[Information given Boundary: Start]
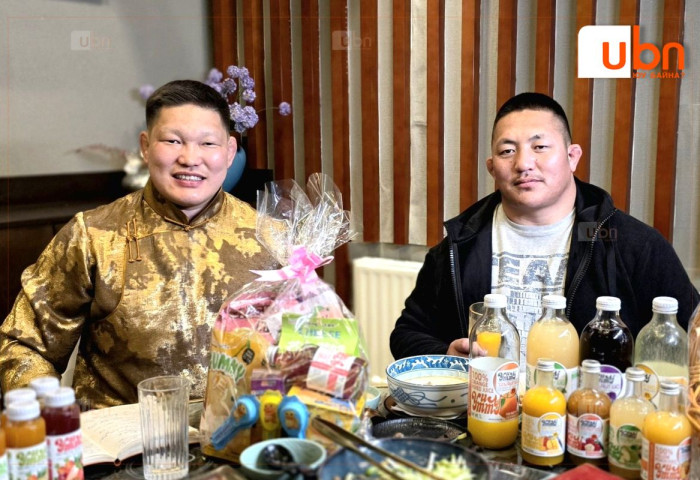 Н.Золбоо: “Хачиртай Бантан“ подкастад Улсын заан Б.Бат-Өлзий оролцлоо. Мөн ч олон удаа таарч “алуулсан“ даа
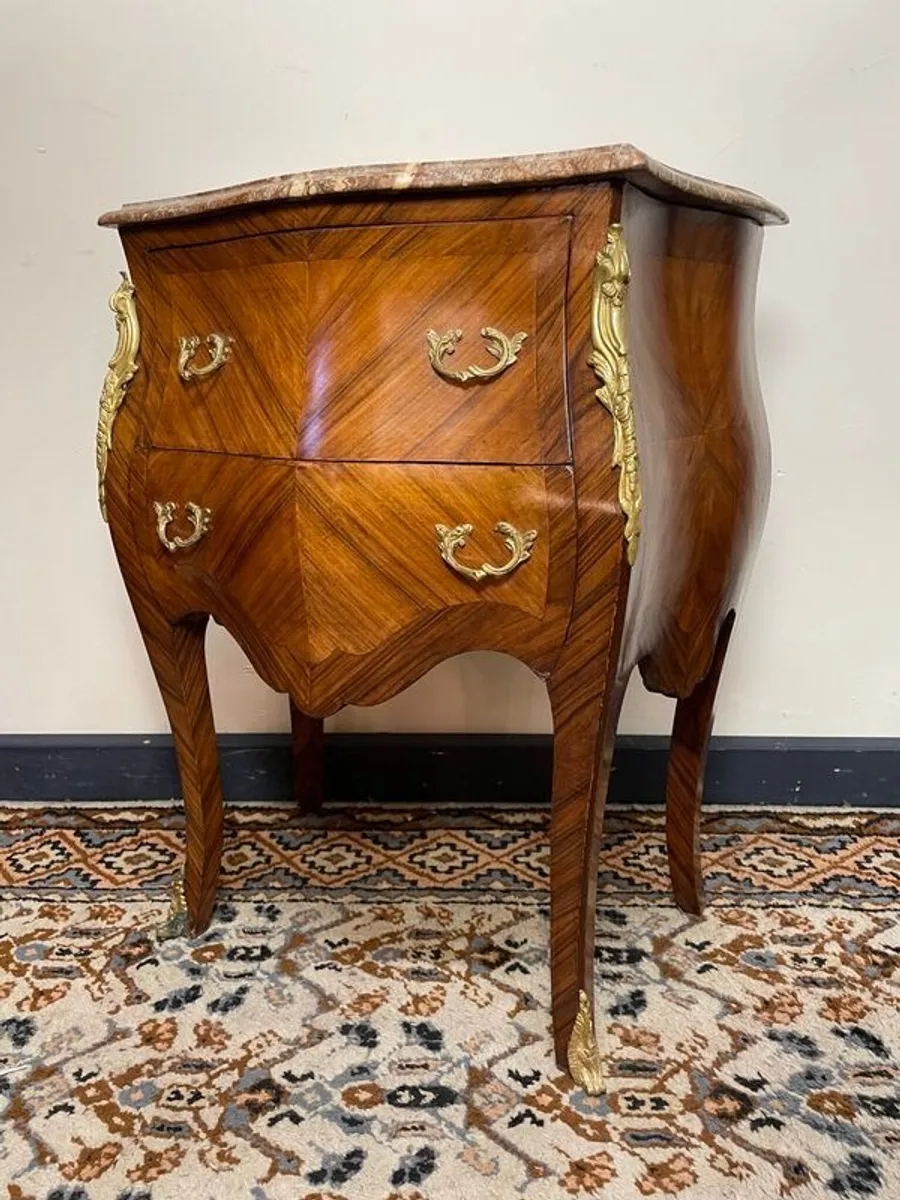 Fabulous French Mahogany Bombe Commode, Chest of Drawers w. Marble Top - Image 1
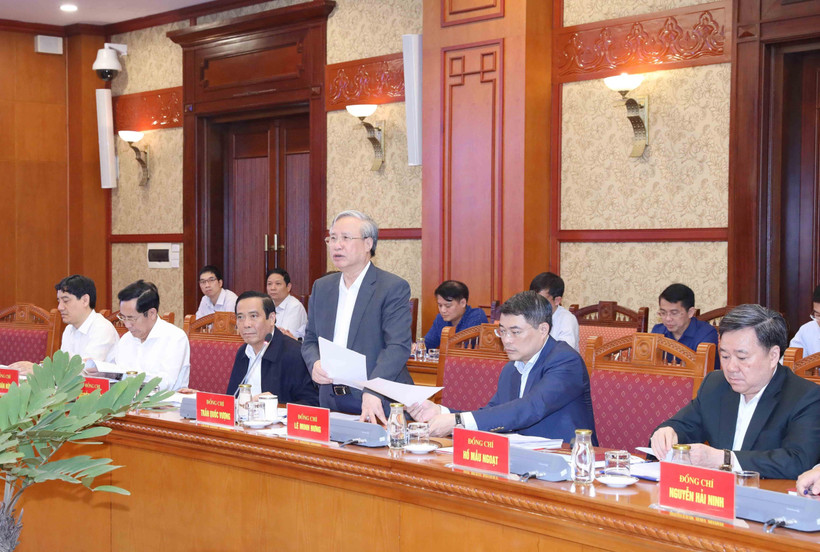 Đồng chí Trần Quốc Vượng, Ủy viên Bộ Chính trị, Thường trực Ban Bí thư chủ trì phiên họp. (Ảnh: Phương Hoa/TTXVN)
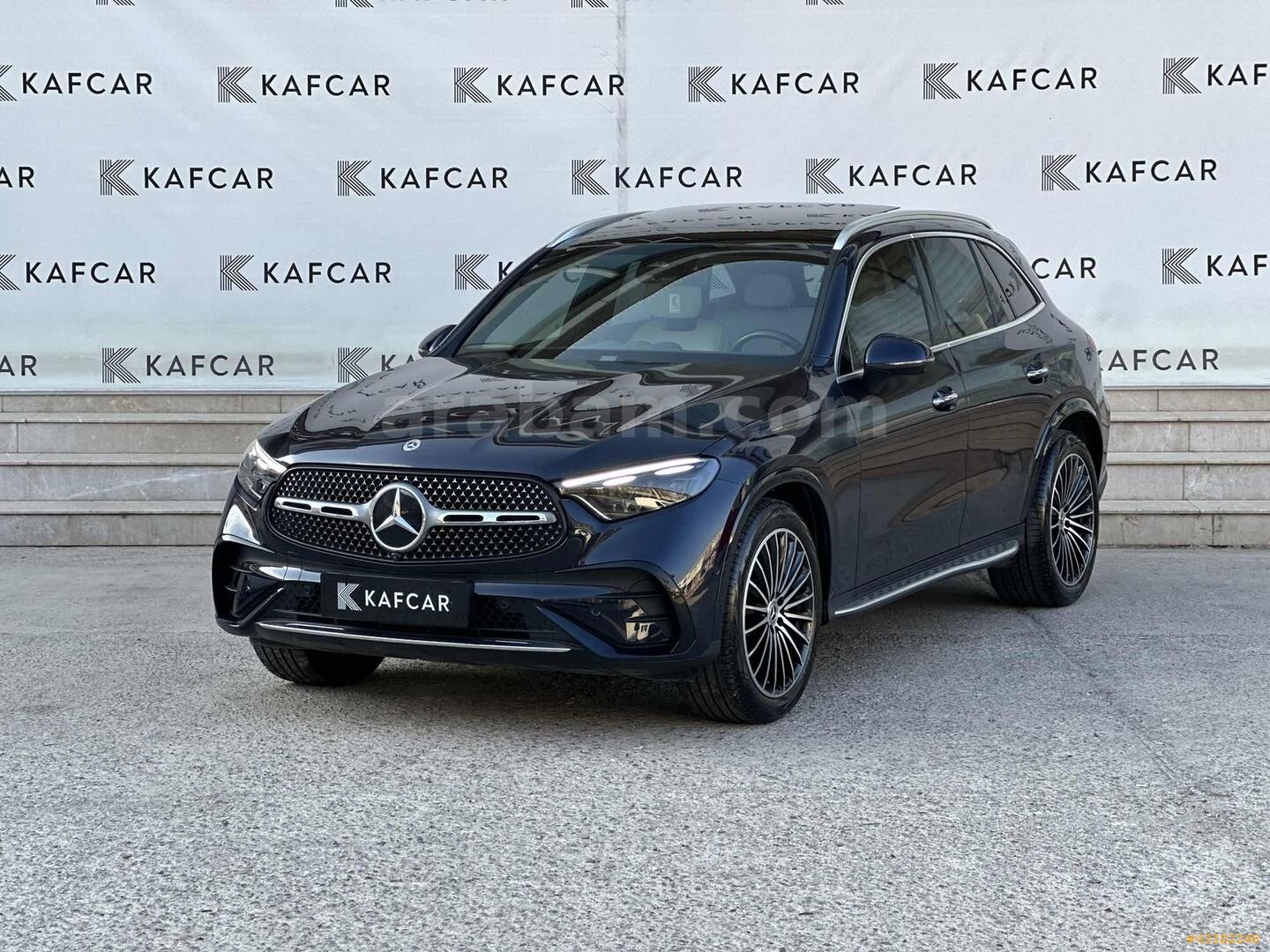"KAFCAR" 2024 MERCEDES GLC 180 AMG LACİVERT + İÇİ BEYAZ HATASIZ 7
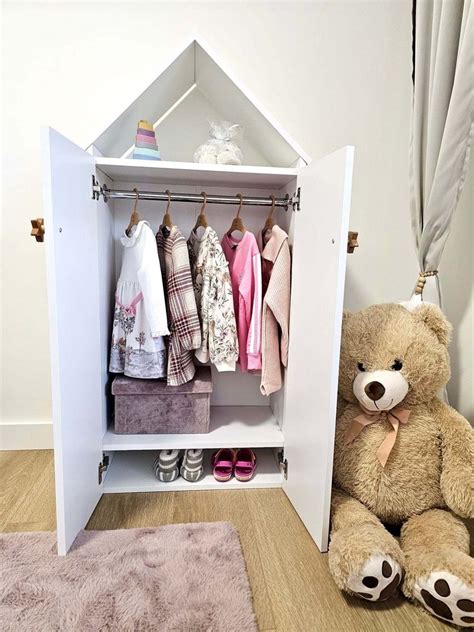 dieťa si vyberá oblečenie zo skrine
[Information given Boundary: End]
=== What is required ===
Reproduce exactly and only the lines from the one with "Đồng chí Trần" through the last entry, both included, excluding every picture.

=== Result ===
 Đồng chí Trần Quốc Vượng, Ủy viên Bộ Chính trị, Thường trực Ban Bí thư chủ trì phiên họp. (Ảnh: Phương Hoa/TTXVN)
"KAFCAR" 2024 MERCEDES GLC 180 AMG LACİVERT + İÇİ BEYAZ HATASIZ 7
 dieťa si vyberá oblečenie zo skrine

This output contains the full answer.